(GIVEN DATA)
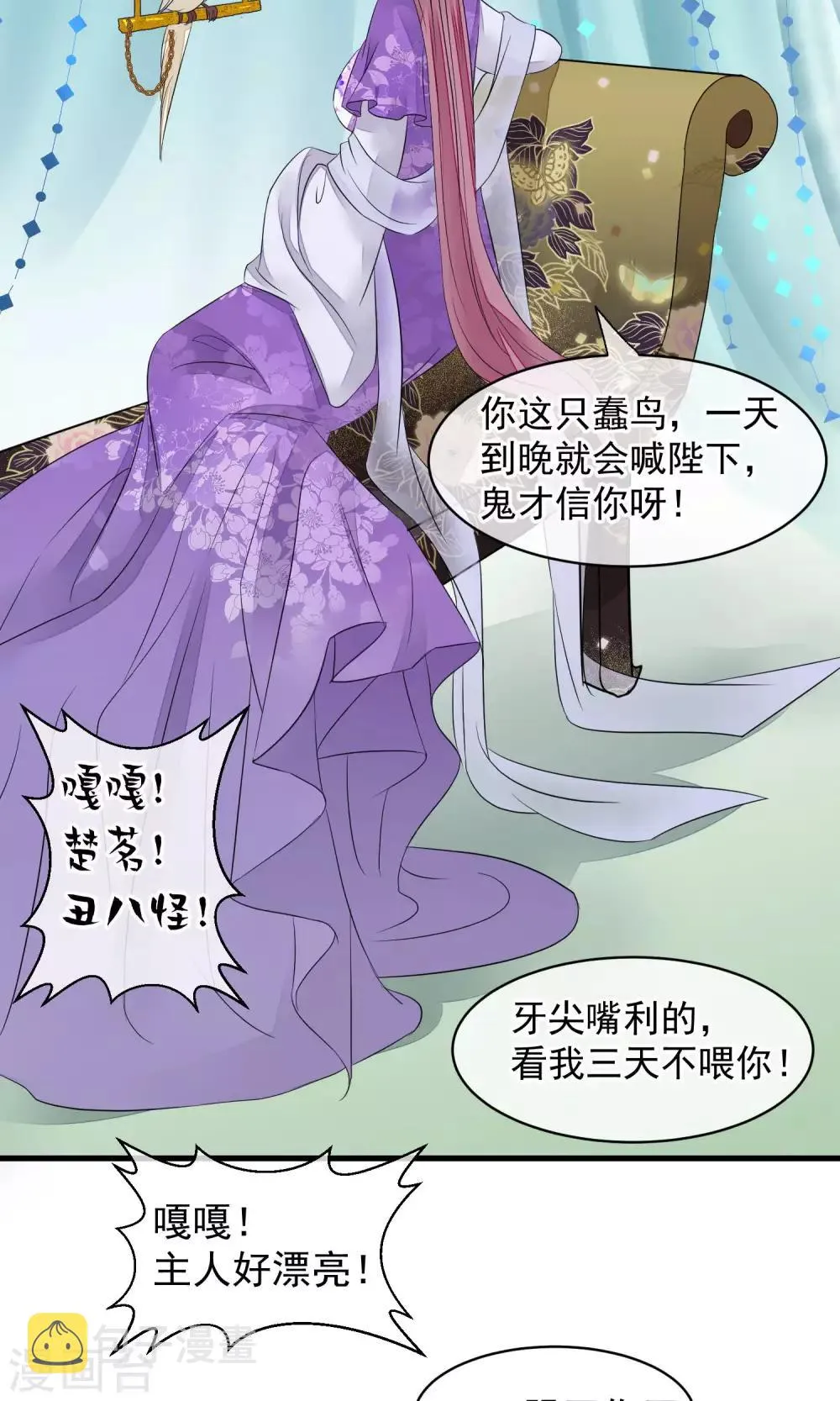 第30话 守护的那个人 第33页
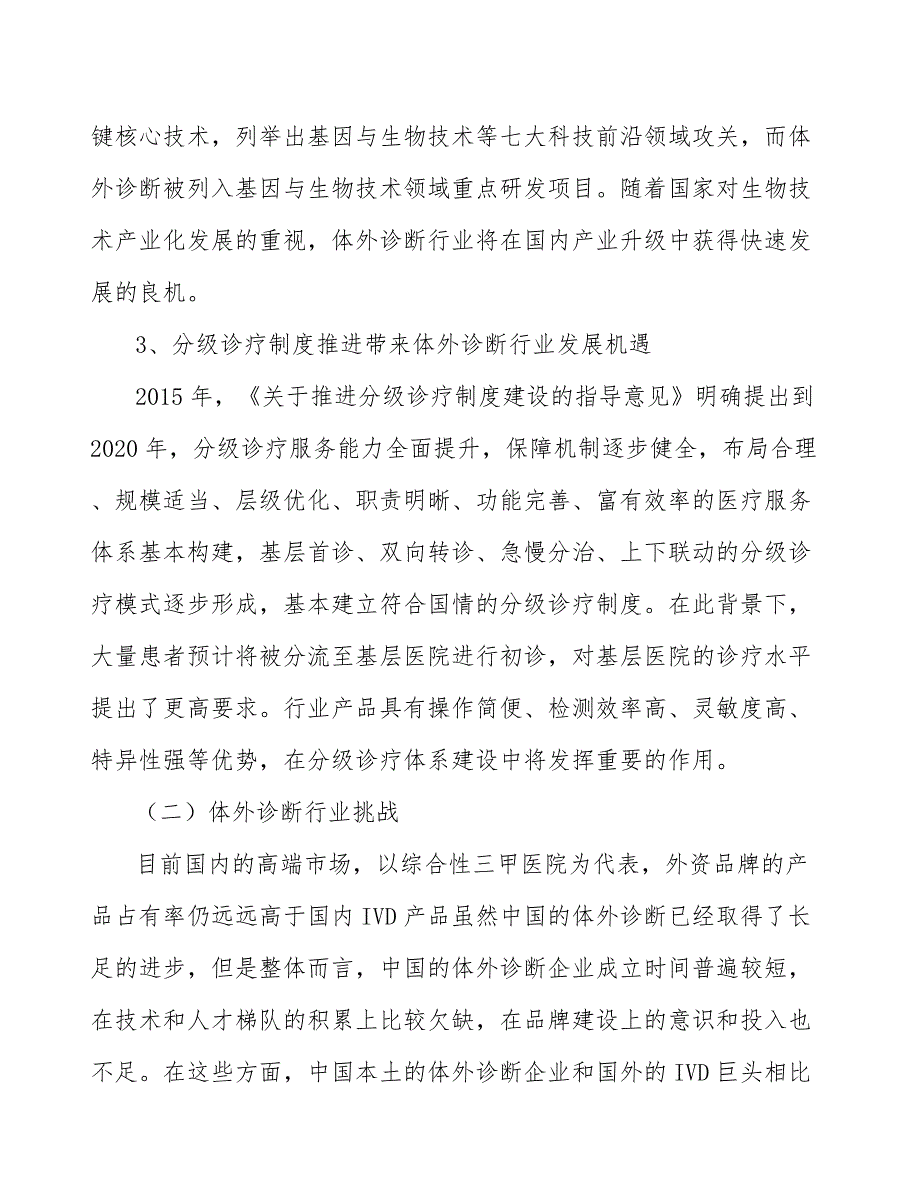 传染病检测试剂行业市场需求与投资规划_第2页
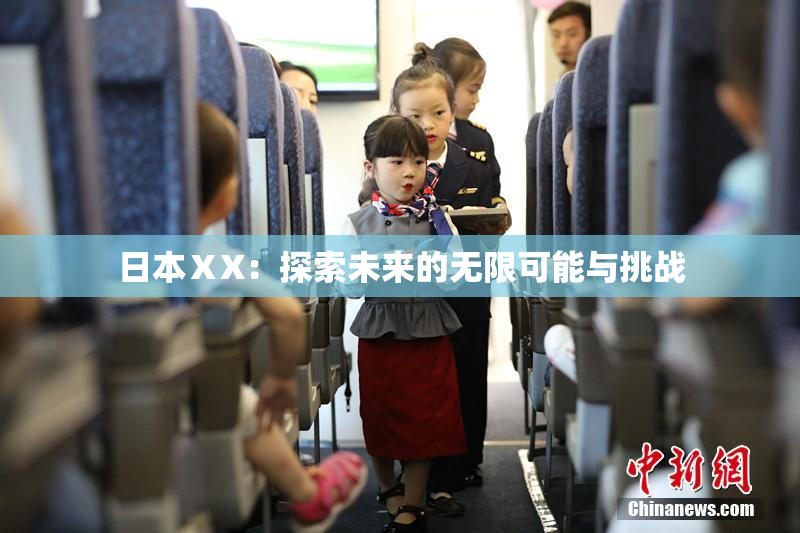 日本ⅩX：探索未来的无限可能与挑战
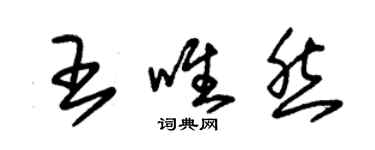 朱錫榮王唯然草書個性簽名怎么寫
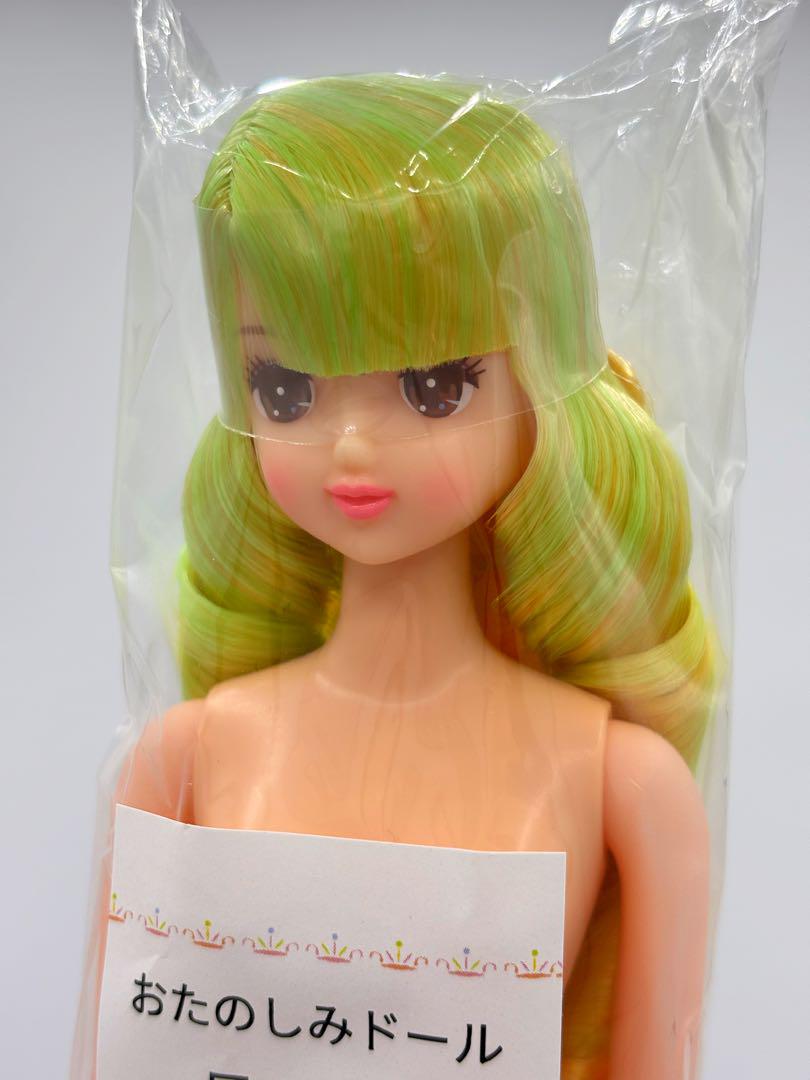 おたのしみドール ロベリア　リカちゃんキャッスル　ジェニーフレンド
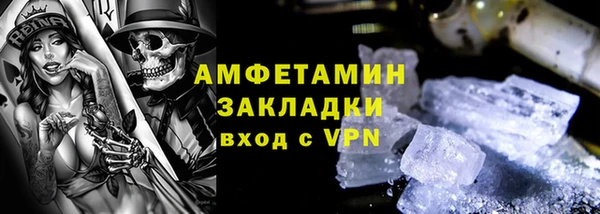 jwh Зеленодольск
(End GIVEN DATA)
REQUIREMENT: Please output all the records above exactly, leaving out every picture.

WRITTEN RESPONSE:
 第30话 守护的那个人 第33页
 传染病检测试剂行业市场需求与投资规划_第2页
 日本ⅩX：探索未来的无限可能与挑战
 朱錫榮王唯然草書個性簽名怎么寫
 おたのしみドール ロベリア　リカちゃんキャッスル　ジェニーフレンド
 jwh Зеленодольск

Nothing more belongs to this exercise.